I am training UNet with (4,40,40,40) size of input data. I performed some preprocessing and then fed the data into the network that uses Adam optimimzer and weighted CE Loss. However, around 9th epoch (total 90) the loss value is always 23.01 with train and validation F1-accurcy around 25%. I have tried many thing and checked every code multiple times but coldnt find the problem.
Code for layers of UNet:
class Conv(nn.Module):
def __init__(self, in_channels, out_channels, mid_channels=None):
super().__init__()
if not mid_channels:
mid_channels = out_channels
self.single_conv = nn.Sequential(
nn.Conv3d(in_channels, mid_channels, kernel_size=5, padding=2, bias=False),
nn.BatchNorm3d(mid_channels),
nn.ReLU(inplace = True), #put inplace = True when using RELU
nn.Conv3d(mid_channels, out_channels, kernel_size=5, padding=2, bias=False),
nn.BatchNorm3d(out_channels),
nn.ReLU(inplace = True)
) #Same kernel , stride and padding throughout
def forward(self, x):
return self.single_conv(x)
class Down(nn.Module):
def __init__(self, in_channels, out_channels):
super().__init__()
self.maxpool_conv = nn.Sequential(
nn.MaxPool3d(2),
nn.Dropout(p=0.2),
Conv(in_channels, out_channels)
)
def forward(self, x):
return self.maxpool_conv(x)
class Up(nn.Module):
def __init__(self, in_channels, out_channels, trilinear=True):
super().__init__()
# if trilinear, use the normal convolutions to reduce the number of channels
if trilinear:
self.up = nn.Upsample(scale_factor=2, mode='trilinear', align_corners=True)

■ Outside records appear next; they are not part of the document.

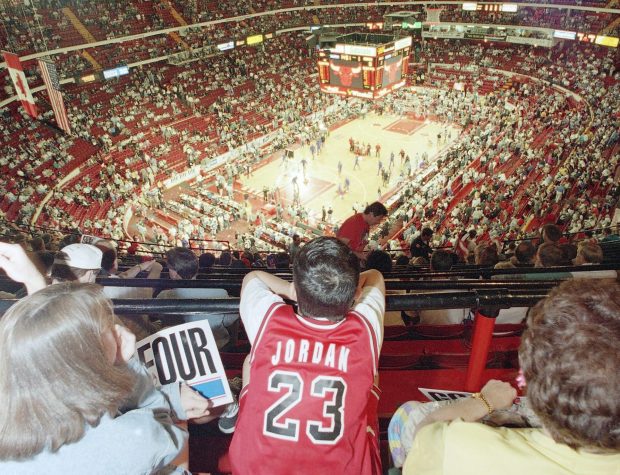 Chicago Bulls fans watch the pregame activities before the start of Game 6 of the Eastern Conference semifinal game between the New York Knicks and the Chicago Bulls at Chicago Stadium on May 20, 1994. (John Zich/AP)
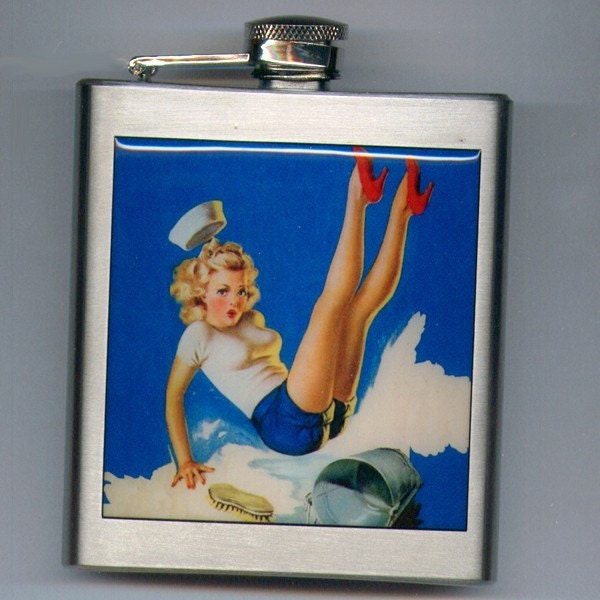 Pin Up Vinatge Sailor Girl Liquor Hip Flask Stainless Steel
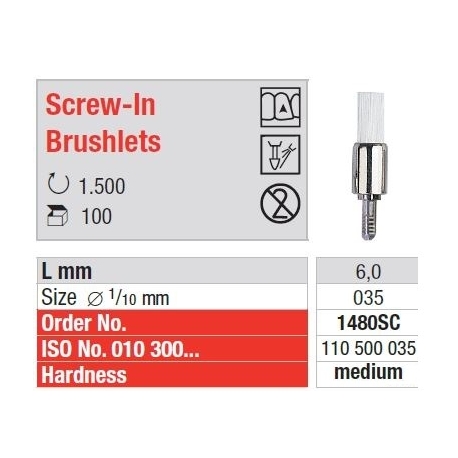 Freze Prophylaxis brushlets SC white, Screw-In 1480 SC-100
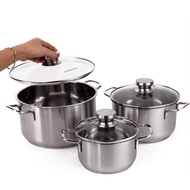 Set of 3 Stainless Steel Pots with 3 Glass Lid Bottoms Fivestar FS06CG - Genuine 1st class product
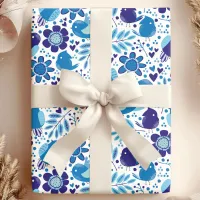 Bluebird Floral Wrapping Paper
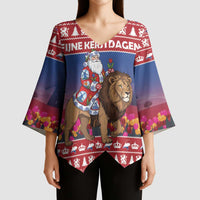 Netherlands Christmas Personalized Kimono Sleeve Blouse Santa Riding Lion Fijne Kerstdagen - Wonder Print Shop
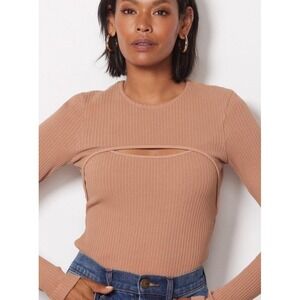 Agolde Lyza Cut Out Rib Top Tan Organic Cotton Long Sleeve Size Medium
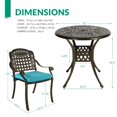 thumbnail image 2 of VIVIJASON 3 pcs Cast Aluminum Outdoor Patio Bistro Set with Round Table, Antique Bronze/Ocean Blue, 2 of 7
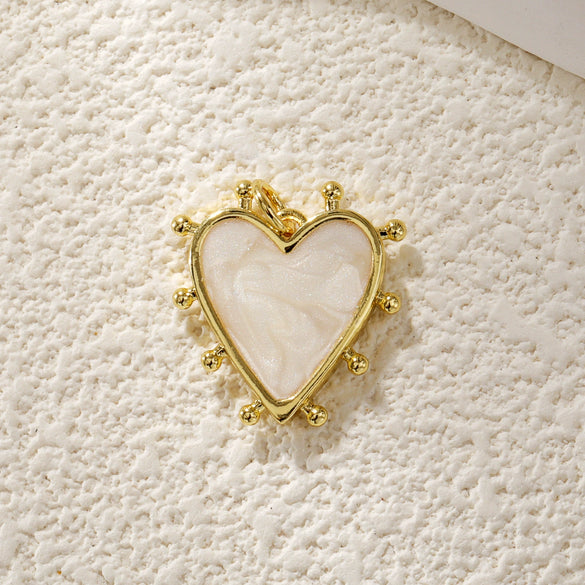 Jewelry Accessories Copper Heart Shape Pendant With Oil Drop Enamel And Leopard Love Design Electroplated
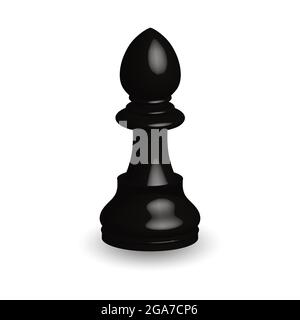 Black chess piece knight 3d on white background. Board game chess. Chess piece 3d render.Vector illustration. Sport play. Stock Vector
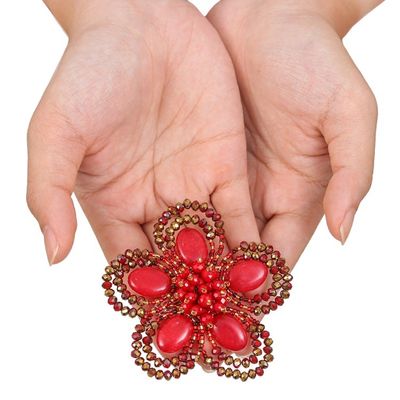 Alternate image for Handcrafted Floral Red Quartz and Glass Beaded Brooch Pin Spring in Love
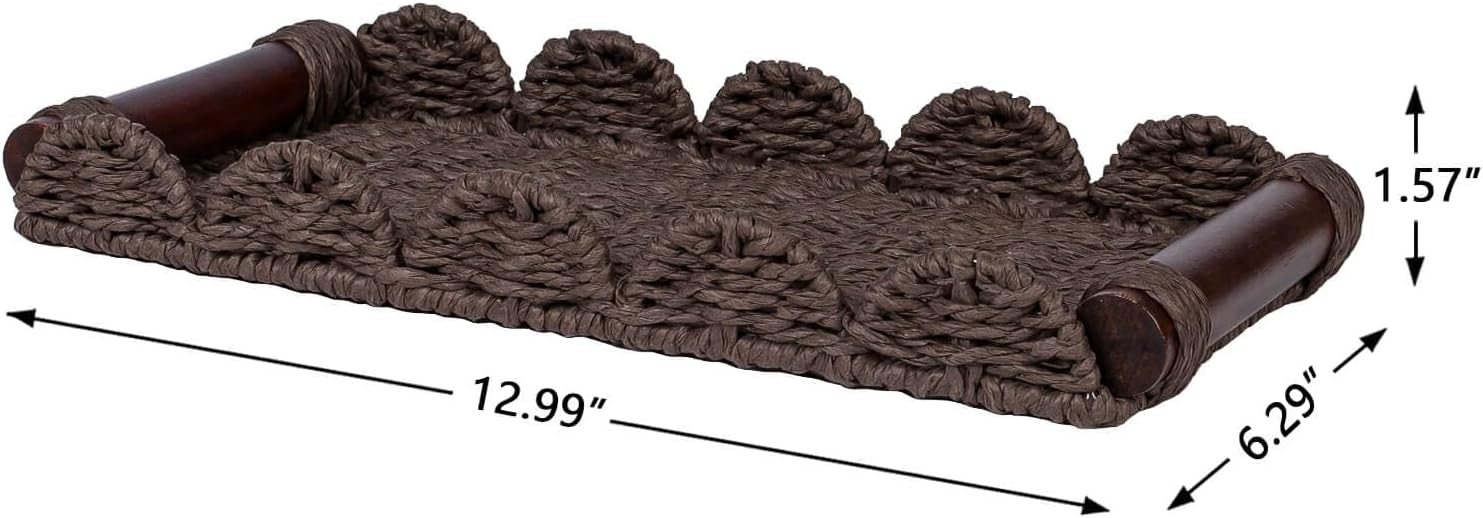 Scalloped Decorative Tray w/Wood Handle for Counter / Brown / 13 x 6.3 x 1.6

self.conv = Conv(in_channels, out_channels, in_channels // 2)
else:
self.up = nn.ConvTranspose3d(in_channels, in_channels // 2, kernel_size=2, stride=2)
self.conv = Conv(in_channels, out_channels)
def forward(self, x1, x2):
x1 = self.up(x1)
diffZ = x2.size()[2] - x1.size()[2]
diffY = x2.size()[3] - x1.size()[3]
diffX = x2.size()[4] - x1.size()[4]
x1 = F.pad(x1, [diffX // 2, diffX - diffX // 2,
diffY // 2, diffY - diffY // 2,
diffZ // 2, diffZ - diffZ // 2])
x = torch.cat([x2, x1], dim=1)
return self.conv(x)
class OutConv(nn.Module):
def __init__(self, in_channels, out_channels):
super().__init__()
self.conv = nn.Conv3d(in_channels, out_channels, kernel_size=1)
def forward(self, x):
return self.conv(x)
Code for model of UNet:
from UNet_Layers import *
class UNet_multichannels(nn.Module):
def __init__(self, n_channels, n_classes, feature, trilinear=True):
super(UNet_multichannels, self).__init__()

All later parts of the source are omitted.